Later in that same case, Harper J observed (at ), “According to Professors Bronitt and McSherry, “[c]riminalising offensive language or conduct has the potential to interfere with the freedom of expression, assembly and association protected by Arts 19, 21 and 22 of the International Covenant on Civil and Political Rights” — and, more relevantly for present purposes — those rights protected by ss 15 and 16 of the Charter of Human Rights and Responsibilities.” (citations deleted.)
His Honour was addressing documents that have no direct legislative application in Queensland; nevertheless, the general point he made has substance.
Queensland laws dealing with offensive behaviour were once found in the Vagrants Gaming and Other Offences Act 1931, and can now be found in the Summary Offences Act 2005, particularly at s6. You can find the Summary Offences Act 2005 and commentary in your copy of Carter.

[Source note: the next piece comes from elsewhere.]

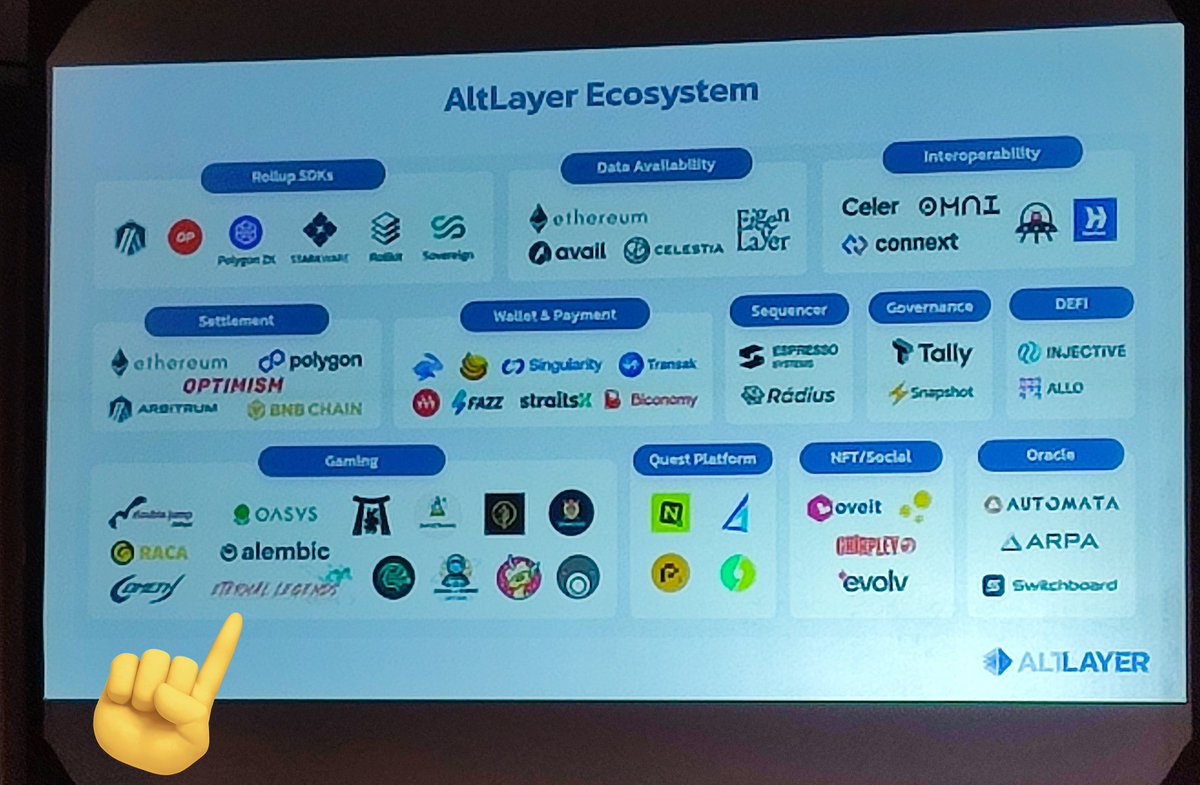 We are in the #RollUpFrontierDay, listening to the latest updates from <a href="/alt_layer/">AltLayer</a>. 🚀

In Theophanous v Herald and Weekly Times Ltd (1994) 182 CLR 104 and Lange v ABC (1997) 189 CLR 520, the High Court found that the Australian Constitution implied certain rights with respect to political speech.
Those cases were about mainstream media publications, but a question arises about the extent to which those ideas extend to less formal methods of conveying ideas that might be thought to have a political dimension.
In Coleman v Power (2004) 220 CLR 1, the High Court considered the effect of the constitutional ideas in Theophanous and Lange on summary offence laws relating to public order. Mr Coleman also litigated related legal issues in Coleman v Kinbacher  QCA 575. (You should not assume that the cases referred to in this question are the only cases on point.)
What limitations, if any, have the High Court and Queensland courts imposed on the power of parliaments to regulate speech where that speech might be thought to be a public order issue, such as speech which s6 of the Summary Offences Act 2005 prohibits? To what extent, if any, has the Queensland Parliament responded after the Coleman decision?
In your answer, you should cite authority for the test to be applied, and describe the content of the test, for deciding whether a provision of the sort exemplified by s6 might or might not be able to be found constitutionally invalid. You should provide examples of cases where this issue has been discussed and determined.
This question does not require you to analyse the broad constitutional thought lying behind the issue of free speech. That is beyond the scope of a course on criminal law. Rather, it requires you, on the basis that the ideas in Theophanous and Lange are accepted, to examine their practical effect on the content of laws such as s6 of the Summary Offences Act 2005.